▶ _ABOUT THIS EXERCISE_: Can the lines below, from the one that holds "RTKW 2019 Workshop speakers" to the very end, be echoed exactly, with both ends included and no pictures?

▶ _DATA FOR REVIEW_:
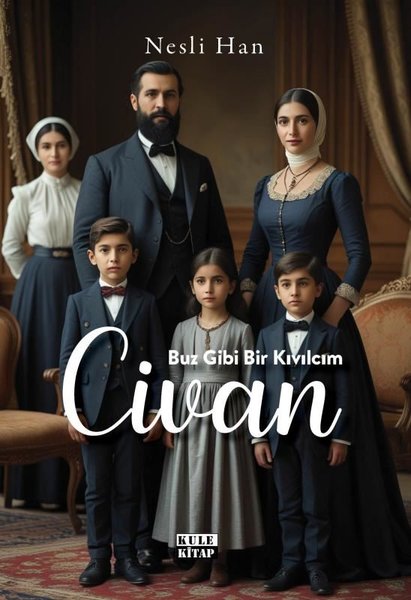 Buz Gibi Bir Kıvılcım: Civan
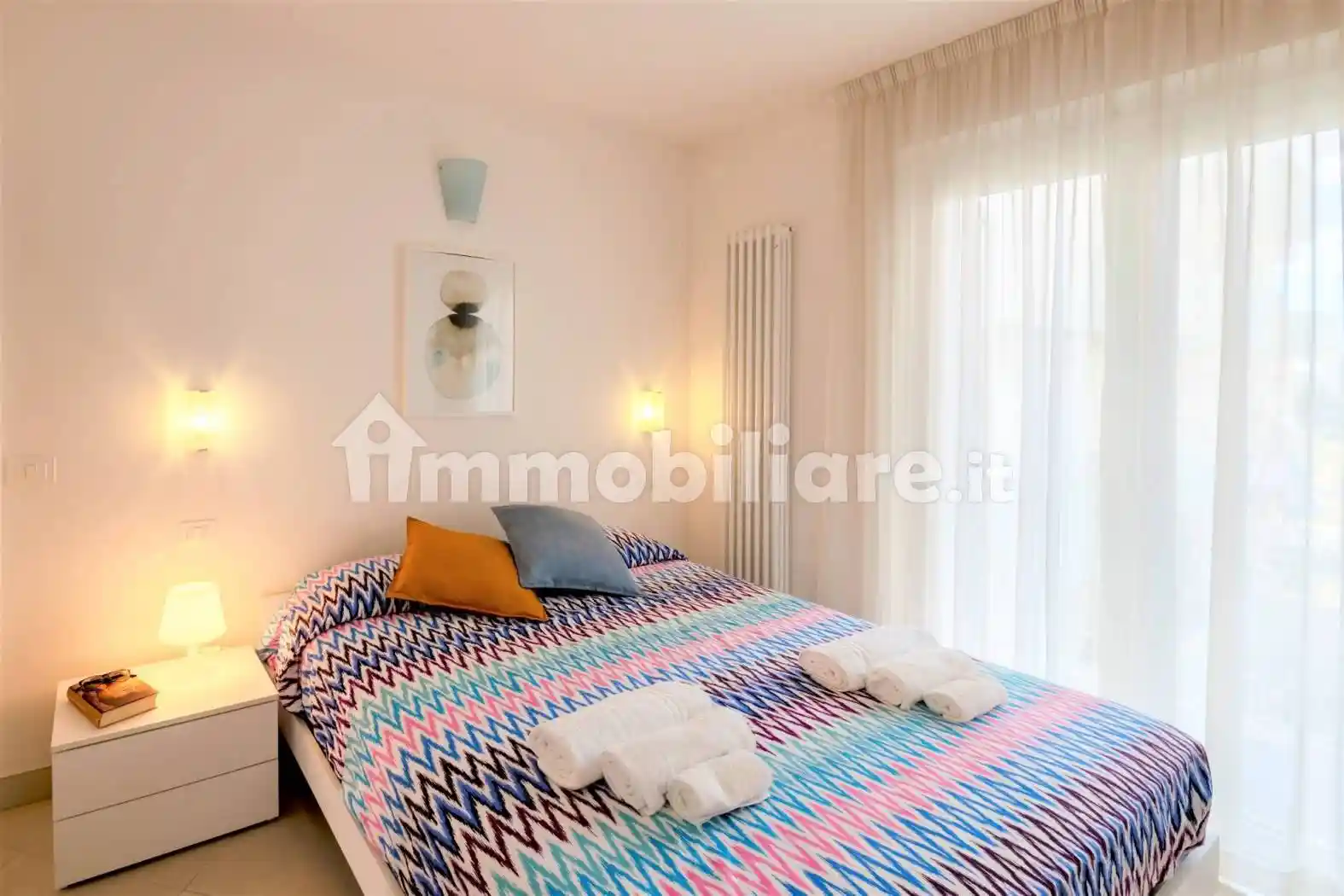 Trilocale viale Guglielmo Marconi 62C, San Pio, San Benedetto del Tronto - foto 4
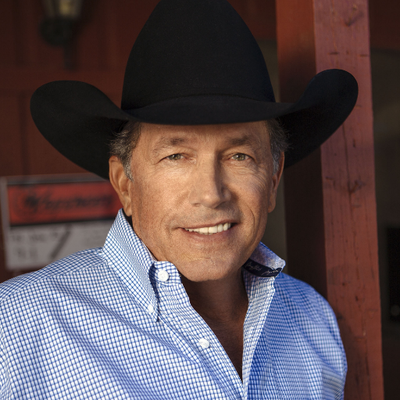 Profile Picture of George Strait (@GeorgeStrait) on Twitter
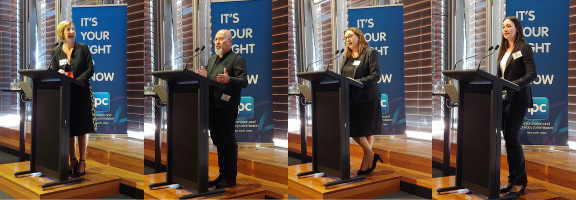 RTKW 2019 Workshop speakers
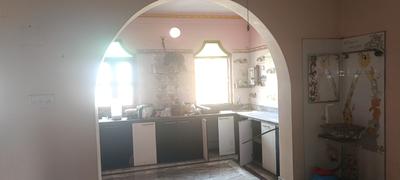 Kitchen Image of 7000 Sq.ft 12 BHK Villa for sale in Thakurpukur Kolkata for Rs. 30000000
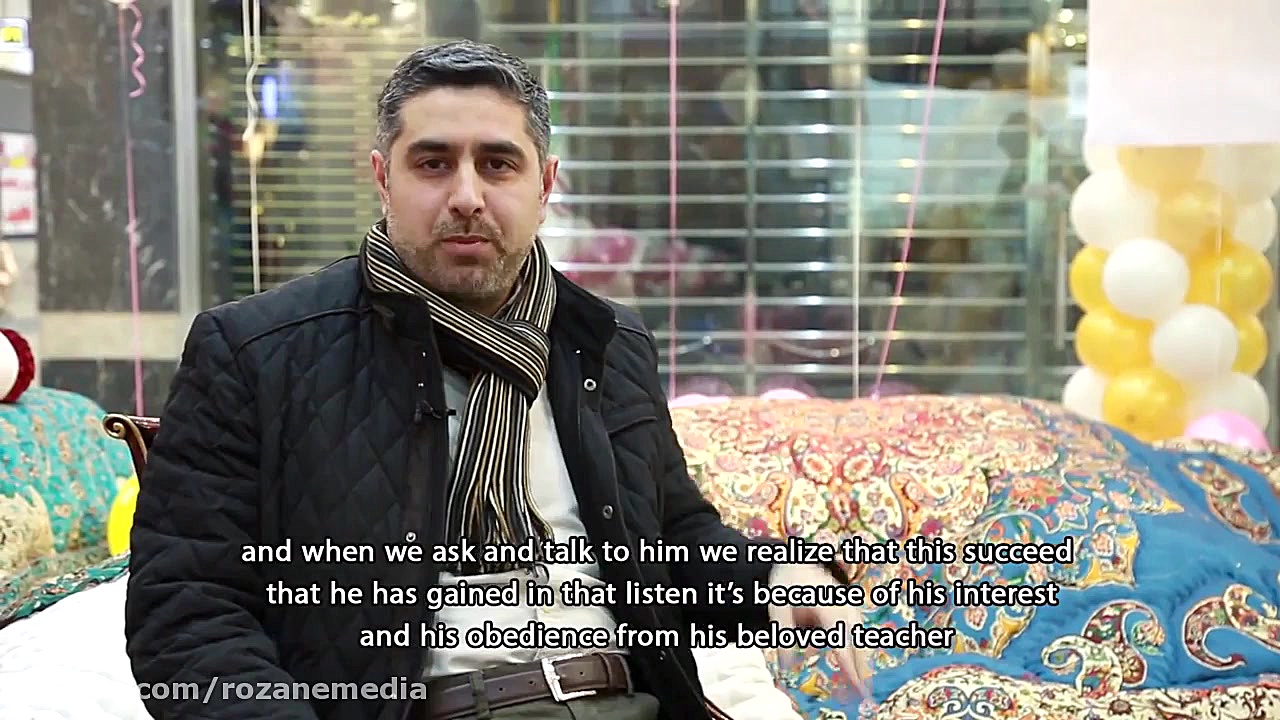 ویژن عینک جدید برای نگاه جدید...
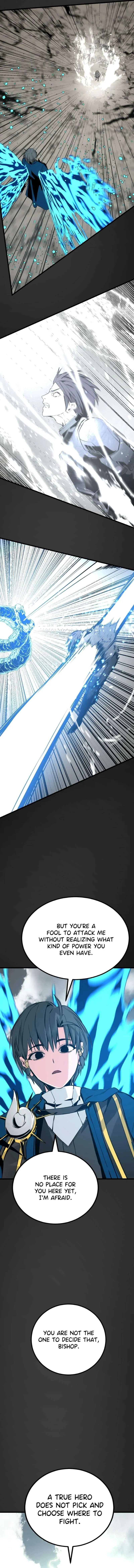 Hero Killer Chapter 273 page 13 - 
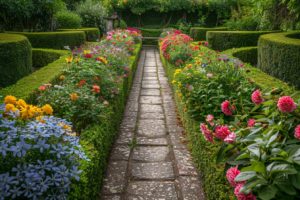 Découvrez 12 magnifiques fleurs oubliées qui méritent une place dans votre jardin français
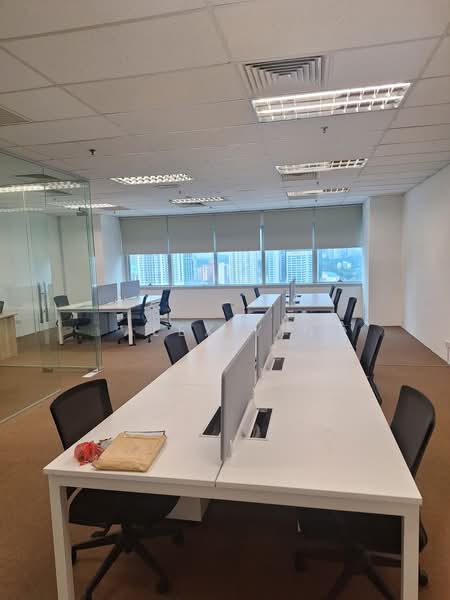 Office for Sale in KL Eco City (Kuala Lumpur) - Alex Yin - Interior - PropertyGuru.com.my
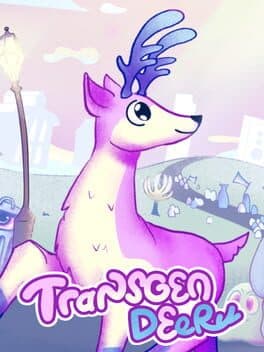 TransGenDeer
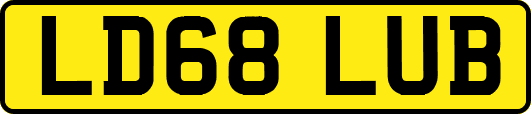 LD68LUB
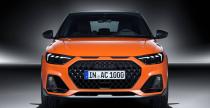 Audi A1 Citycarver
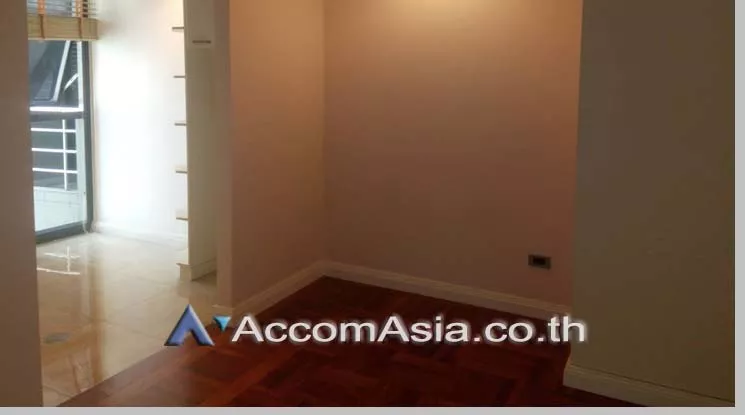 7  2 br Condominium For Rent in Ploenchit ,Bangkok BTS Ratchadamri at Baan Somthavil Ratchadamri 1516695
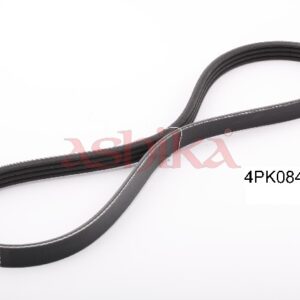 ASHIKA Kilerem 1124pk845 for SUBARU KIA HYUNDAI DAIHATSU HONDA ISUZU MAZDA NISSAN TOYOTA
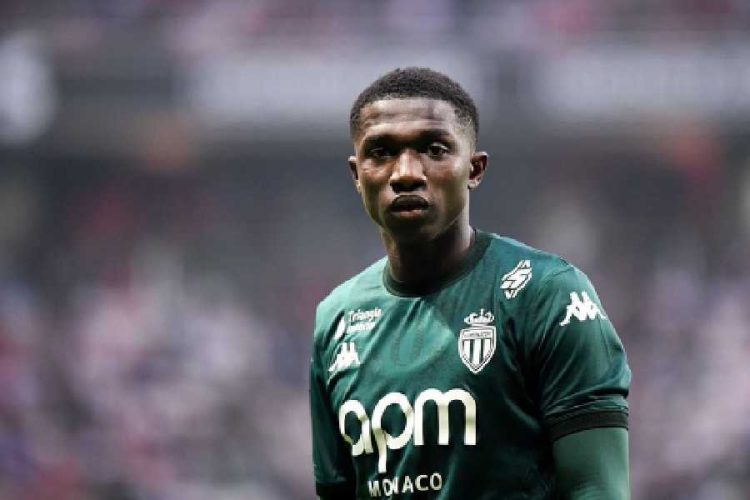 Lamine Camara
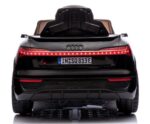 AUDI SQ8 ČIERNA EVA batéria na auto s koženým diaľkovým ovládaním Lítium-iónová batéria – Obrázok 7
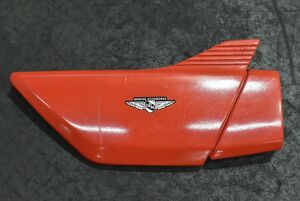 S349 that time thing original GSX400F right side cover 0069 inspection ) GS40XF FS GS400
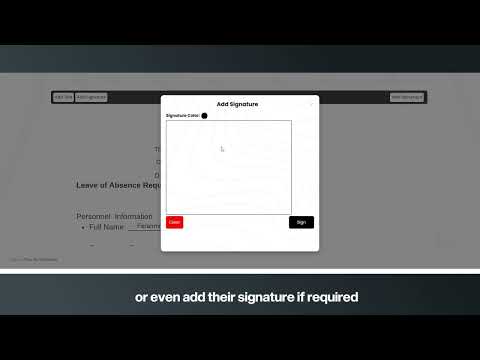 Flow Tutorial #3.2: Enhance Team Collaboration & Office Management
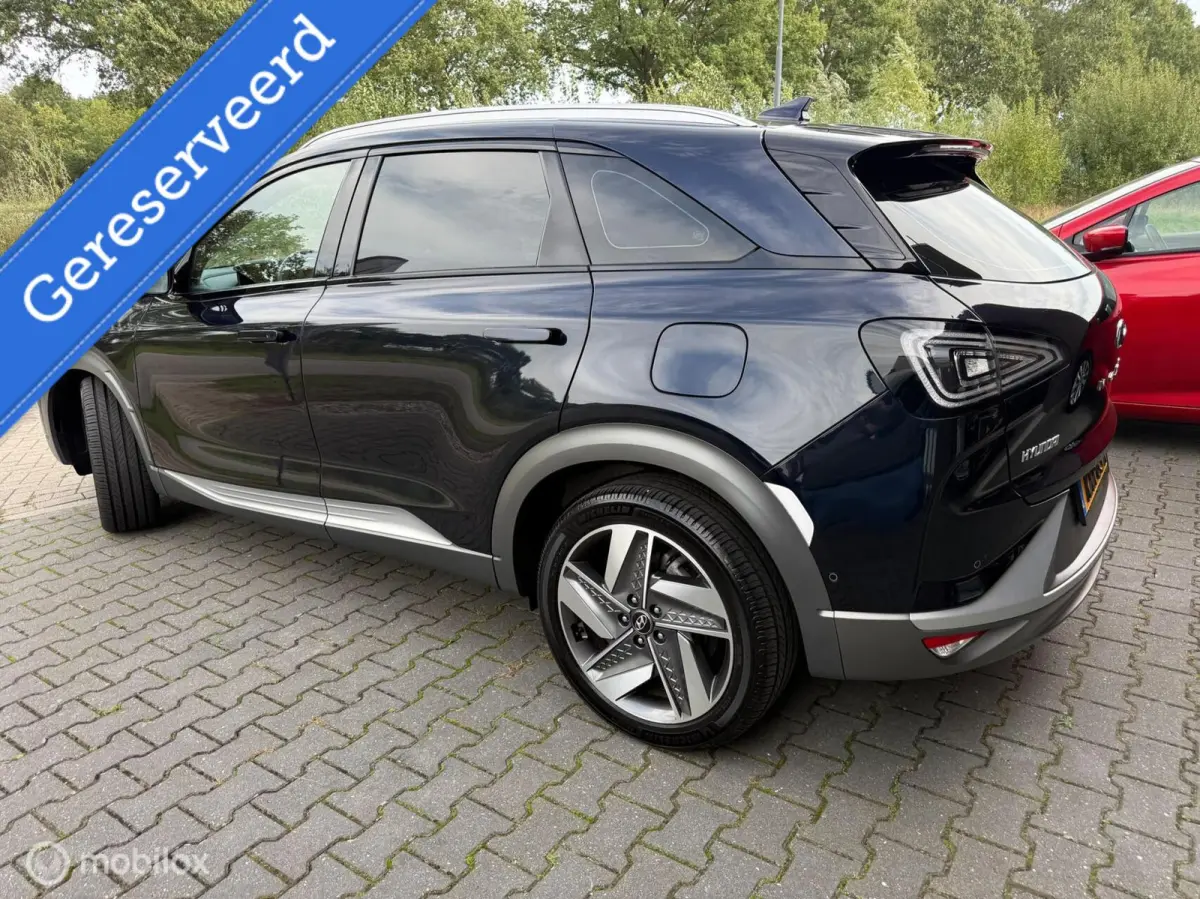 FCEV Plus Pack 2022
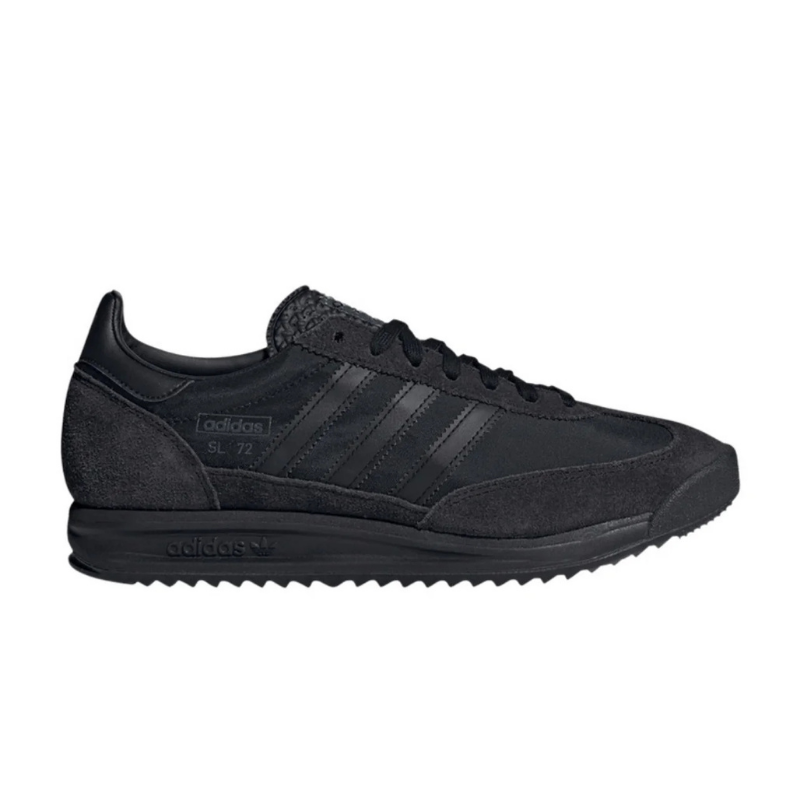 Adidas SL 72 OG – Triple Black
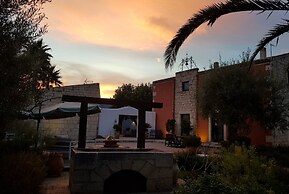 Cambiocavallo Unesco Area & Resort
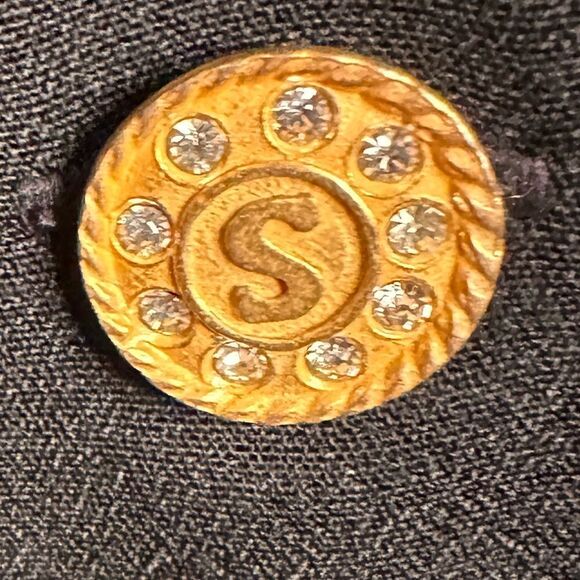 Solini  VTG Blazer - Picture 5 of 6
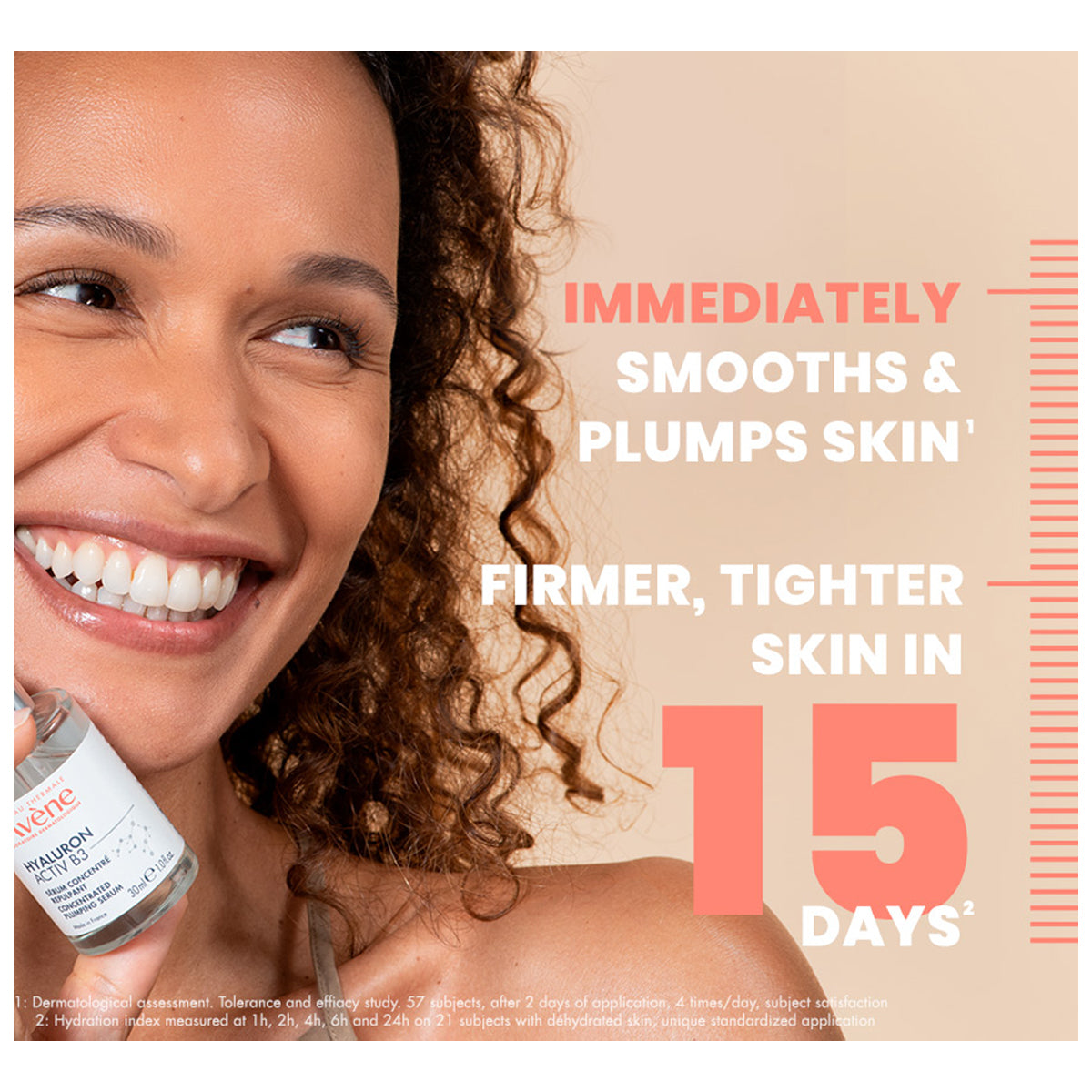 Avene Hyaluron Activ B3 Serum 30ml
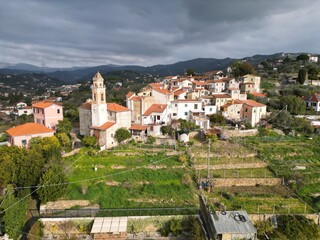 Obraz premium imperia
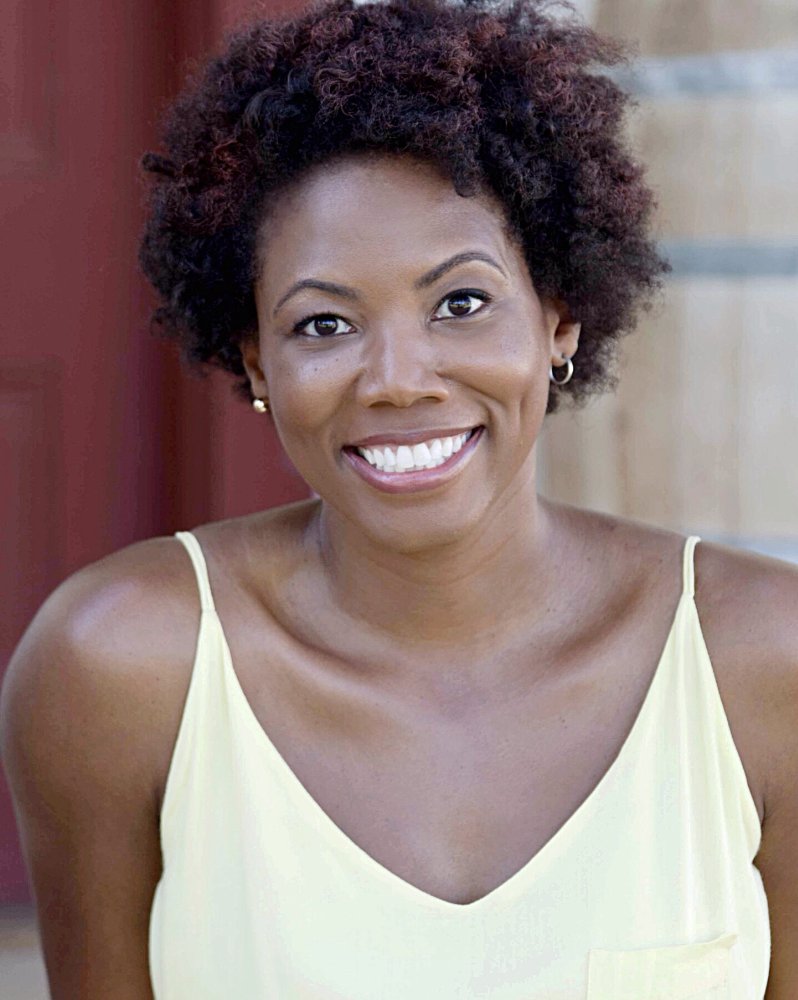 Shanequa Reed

▶ _ANSWER TO THE EXERCISE_:
 RTKW 2019 Workshop speakers
 Kitchen Image of 7000 Sq.ft 12 BHK Villa for sale in Thakurpukur Kolkata for Rs. 30000000
 ویژن عینک جدید برای نگاه جدید...
 Hero Killer Chapter 273 page 13 - 
 Découvrez 12 magnifiques fleurs oubliées qui méritent une place dans votre jardin français
 Office for Sale in KL Eco City (Kuala Lumpur) - Alex Yin - Interior - PropertyGuru.com.my
 TransGenDeer
 LD68LUB
 Audi A1 Citycarver
 7  2 br Condominium For Rent in Ploenchit ,Bangkok BTS Ratchadamri at Baan Somthavil Ratchadamri 1516695
 ASHIKA Kilerem 1124pk845 for SUBARU KIA HYUNDAI DAIHATSU HONDA ISUZU MAZDA NISSAN TOYOTA
 Lamine Camara
 AUDI SQ8 ČIERNA EVA batéria na auto s koženým diaľkovým ovládaním Lítium-iónová batéria – Obrázok 7
 S349 that time thing original GSX400F right side cover 0069 inspection ) GS40XF FS GS400
 Flow Tutorial #3.2: Enhance Team Collaboration & Office Management
 FCEV Plus Pack 2022
 Adidas SL 72 OG – Triple Black
 Cambiocavallo Unesco Area & Resort
 Solini  VTG Blazer - Picture 5 of 6
 Avene Hyaluron Activ B3 Serum 30ml
 Obraz premium imperia
 Shanequa Reed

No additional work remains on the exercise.